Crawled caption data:
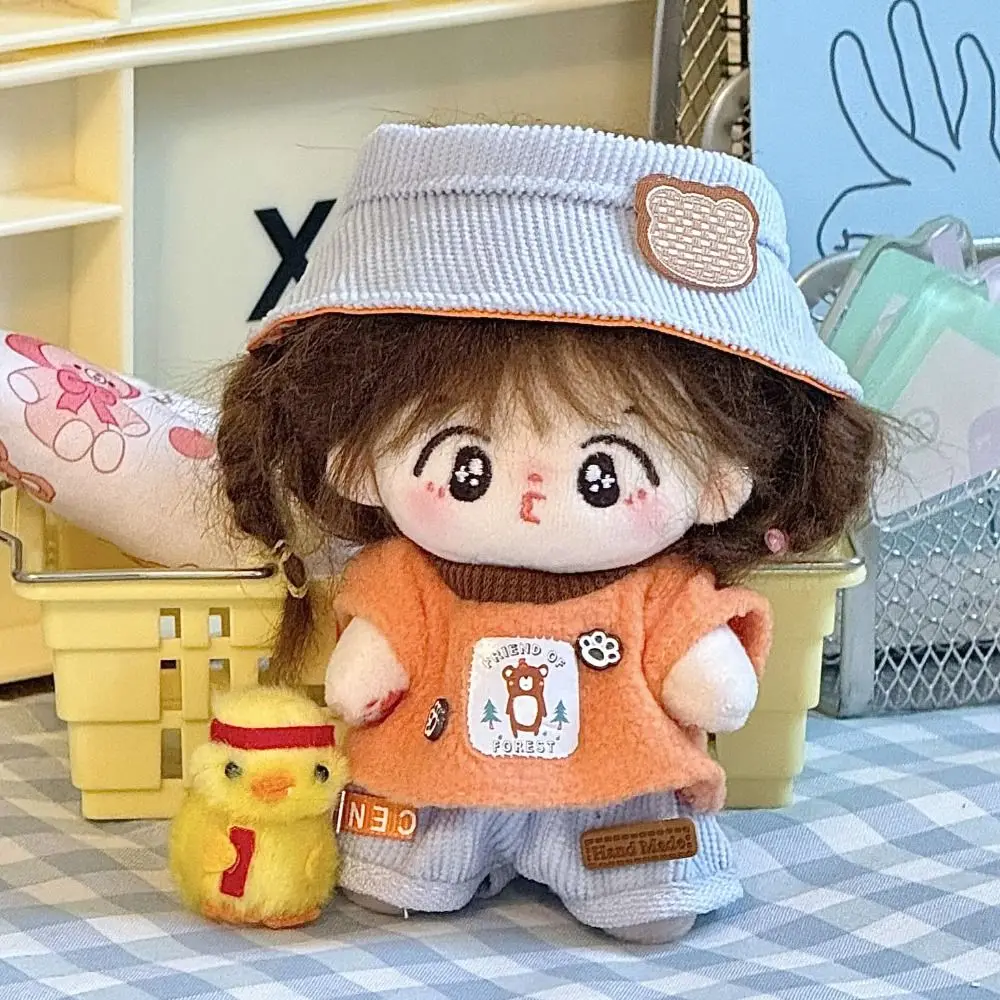 

1 Set Princess Skirt 10cm Cotton Doll's Clothes Strap Pants Multi Color Cotton Doll Outfit Dress Outfit Toy Accessories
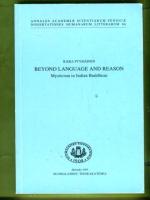 Beyond Language and Reason - Mysticism in Indian Buddhism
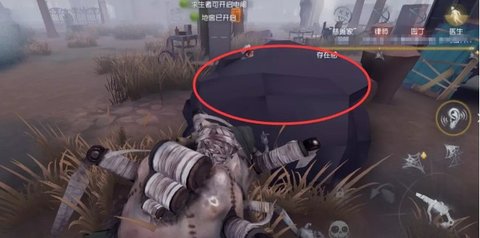第五人格最特殊的一个BUG地点 卡进去之后正义惩戒都没用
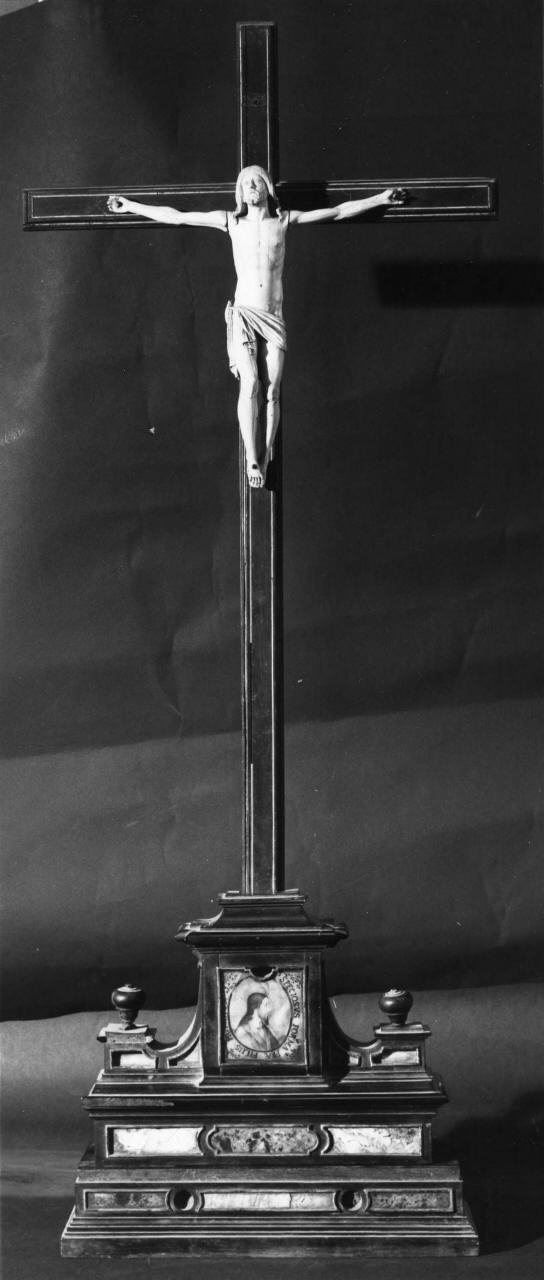 Cristo crocifisso (croce da tavolo) - ambito toscano (sec. XVII)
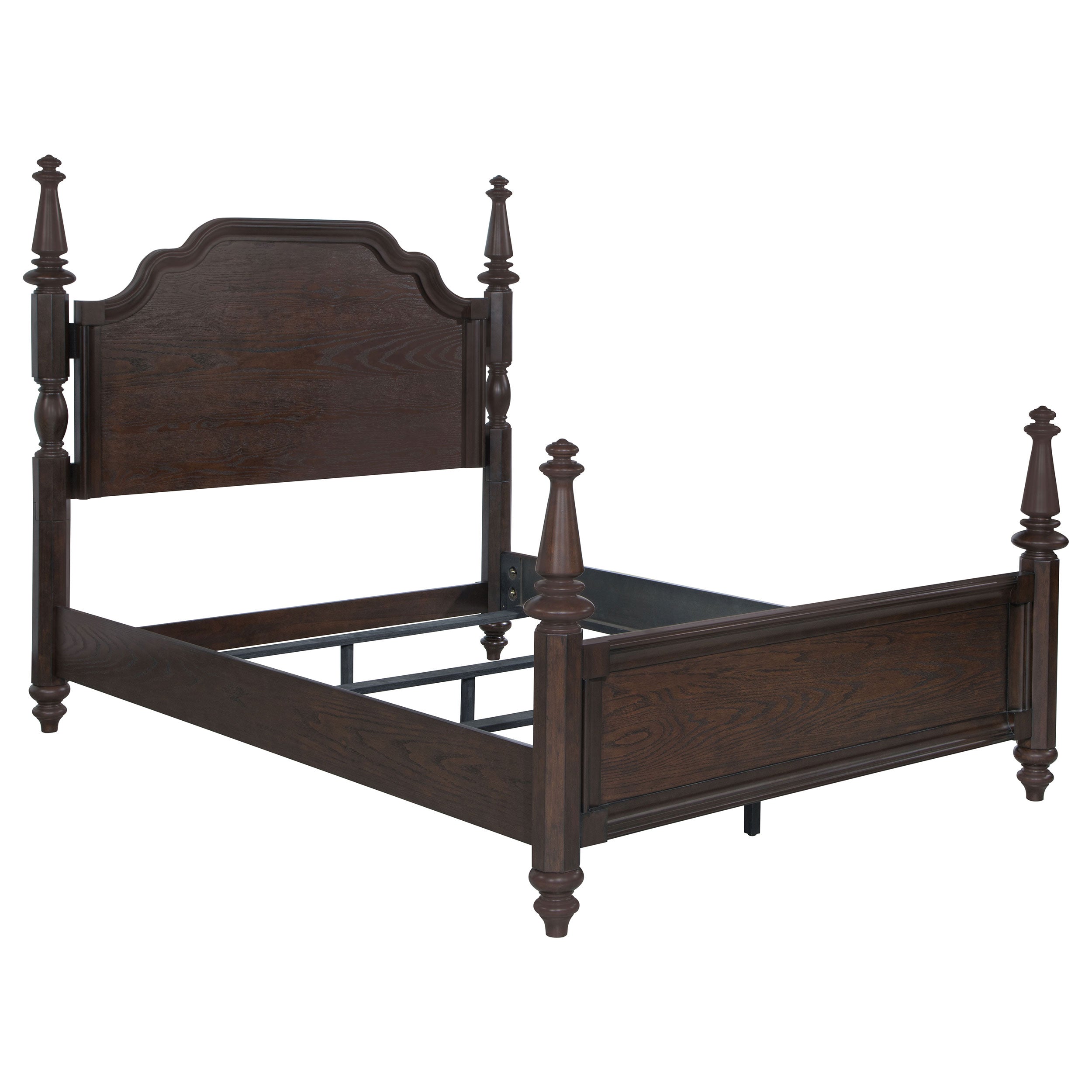 Andover 63-inch Four Poster Bed Dark Oak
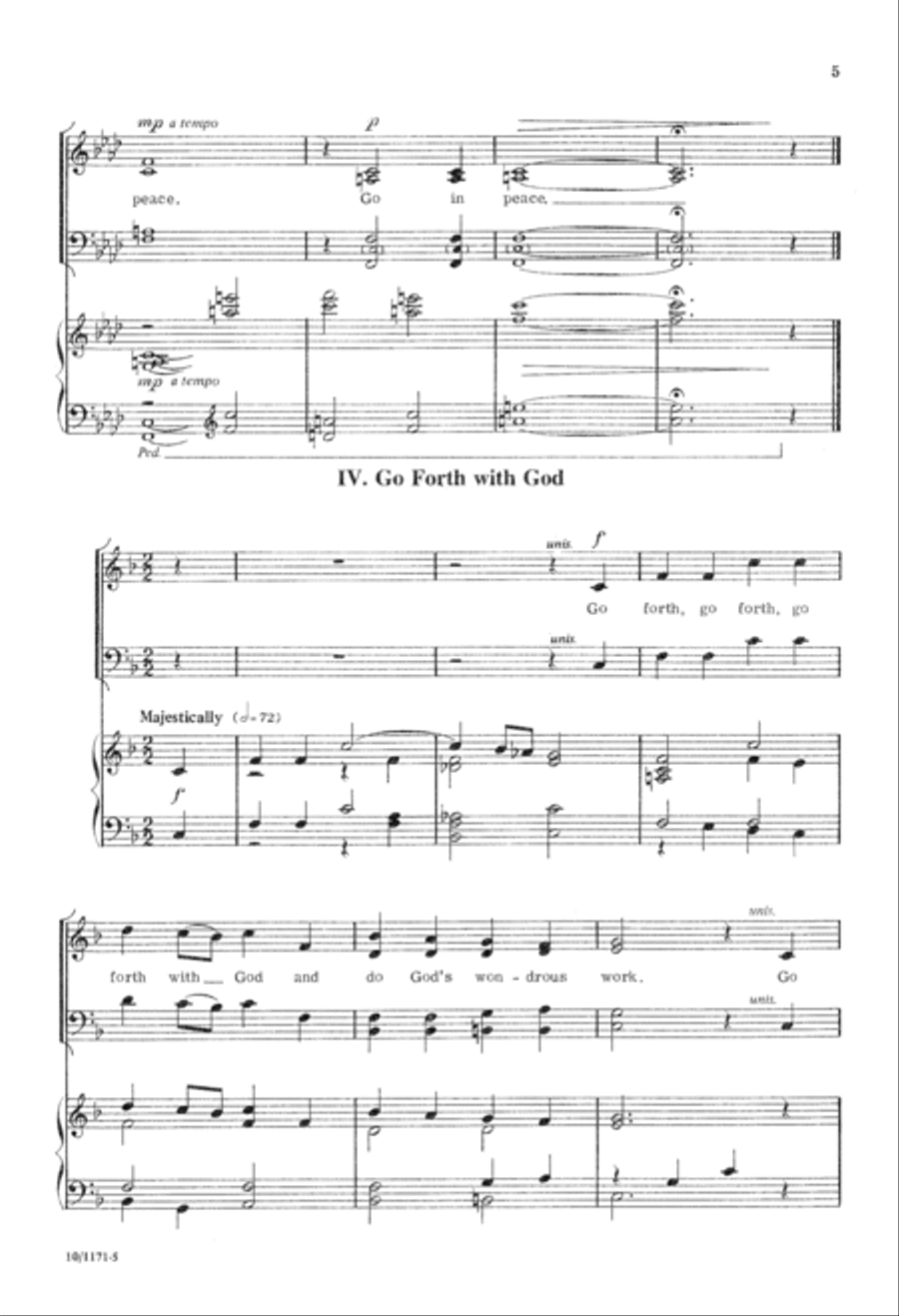 Five Choral Benedictions Choir scores gallery preview page 6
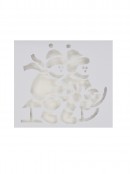 Christmas Themes Reusable Spray Snow Stencil Christmas Decorations - 24cm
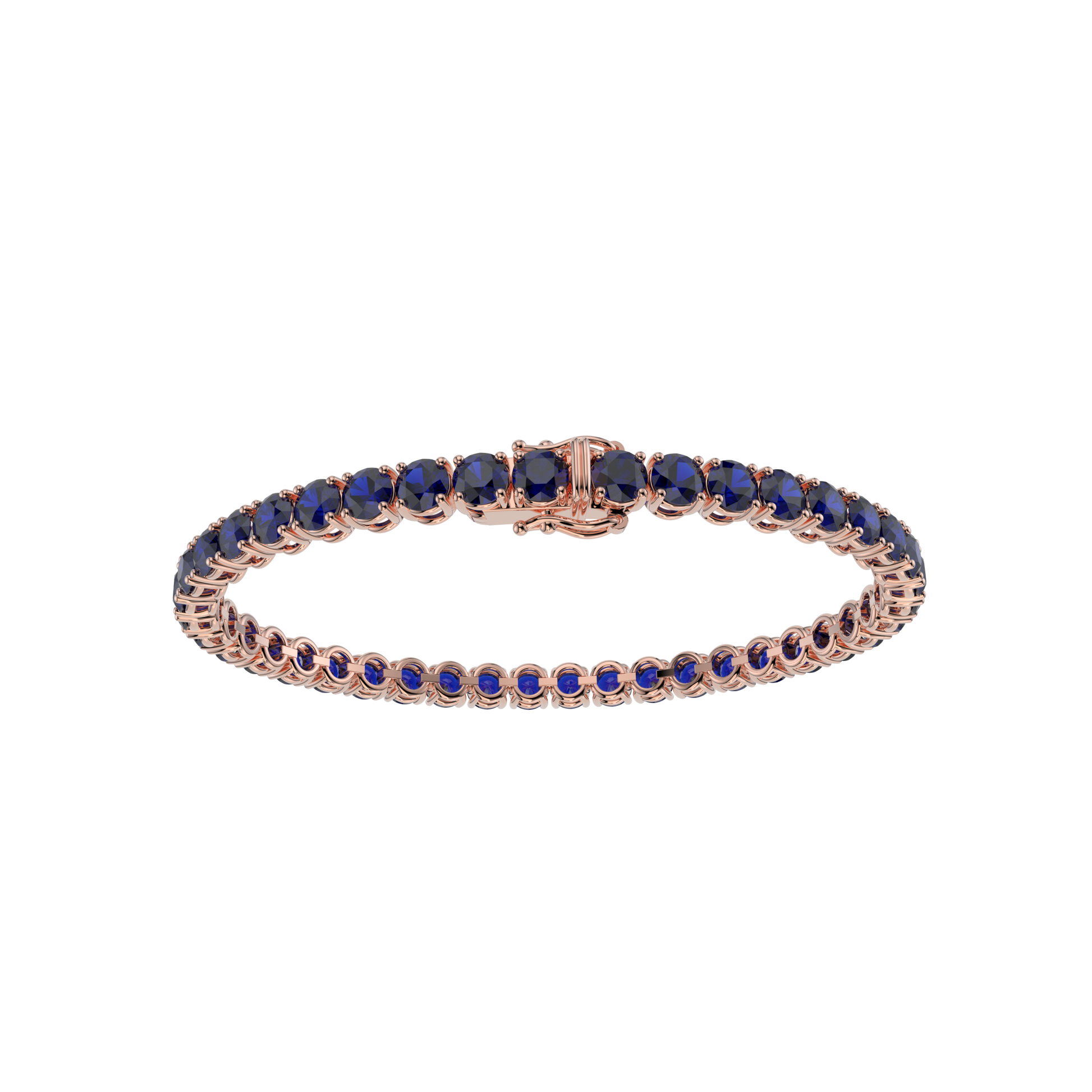 Bracelet with Blue Sapphire on a Rose Gold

**WHAT THE TASK ASKS**
Copy out nothing but the lines from the beginning of the records through the one that contains "第五人格最特殊的一个BUG地点 卡进去之后正义惩戒都没用". Skip the pictures.

**WRITTEN RESPONSE**
1 Set Princess Skirt 10cm Cotton Doll's Clothes Strap Pants Multi Color Cotton Doll Outfit Dress Outfit Toy Accessories
 Beyond Language and Reason - Mysticism in Indian Buddhism
第五人格最特殊的一个BUG地点 卡进去之后正义惩戒都没用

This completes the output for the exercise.